Excerpts from a dataset
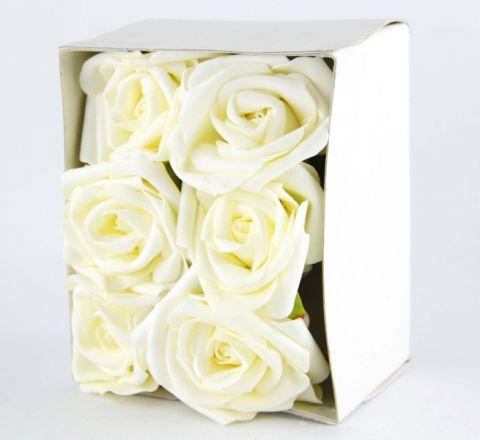 white roses (at least 6pieces), art 830002B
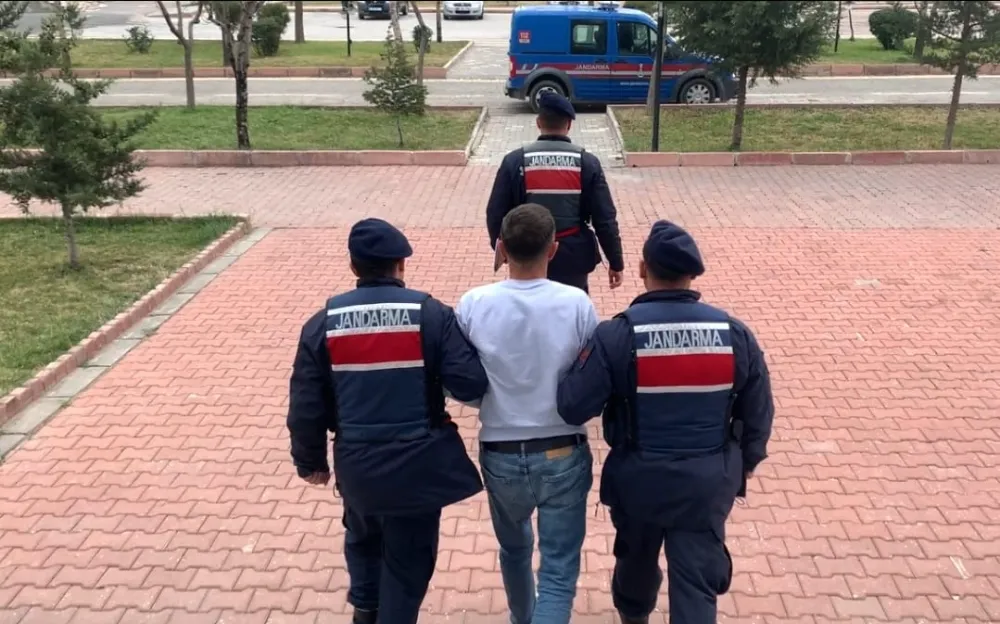 Aksaray’da Hakkında 15 Yıl 9 Ay Hapis Cezası Buluna Hırsız Yakalandı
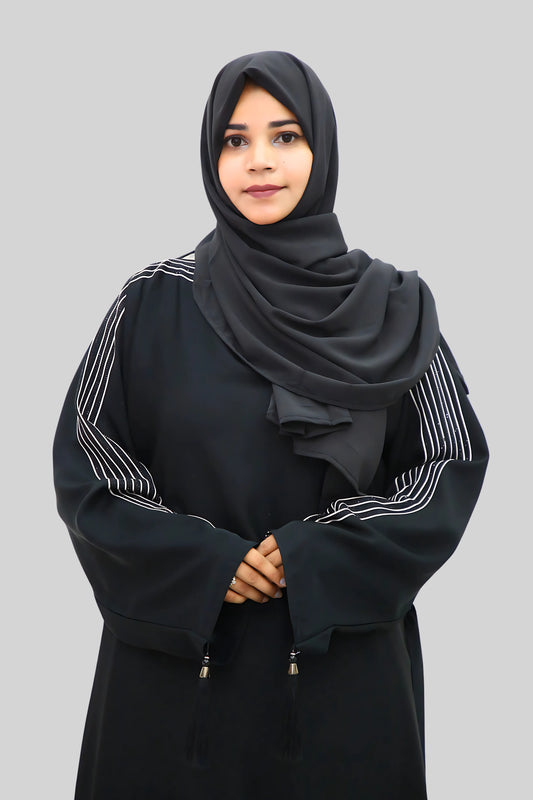 Chic modest outfit featuring a flowy abaya and soft fabric hijab for everyday wear.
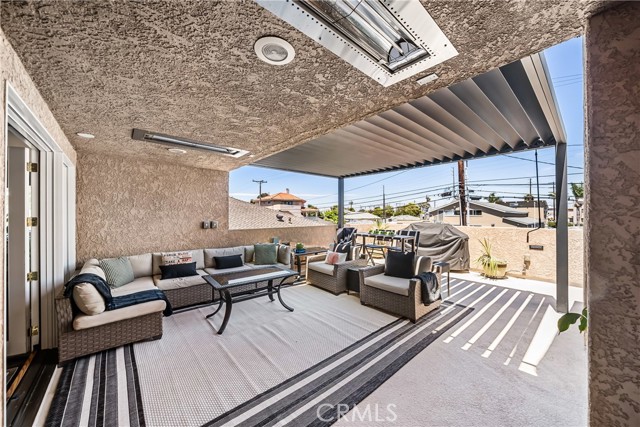 708 Main Street, Huntington Beach CA: https://media.crmls.org/medias/e8d9027f-ca79-4bcc-9fcd-3cd0e1233585.jpg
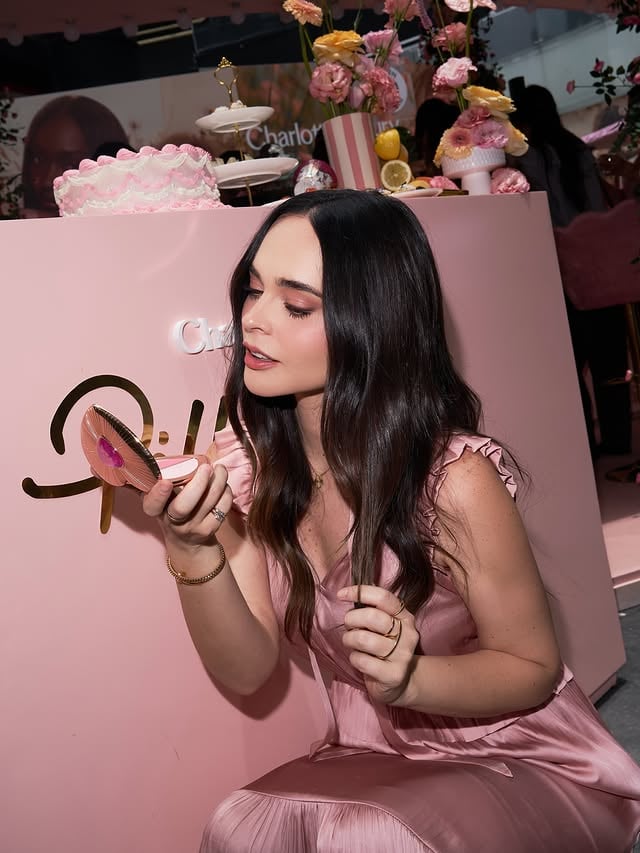 It’s a pillow talk world! 🌸💕
@charlottetilbury @sephoramx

● **Required action**: Counting the line with "It’s a pillow talk world! 🌸💕" and the last line of the data above, transcribe those two lines and every line between them exactly, without the pictures.

● **Exercise result**:
 It’s a pillow talk world! 🌸💕
@charlottetilbury @sephoramx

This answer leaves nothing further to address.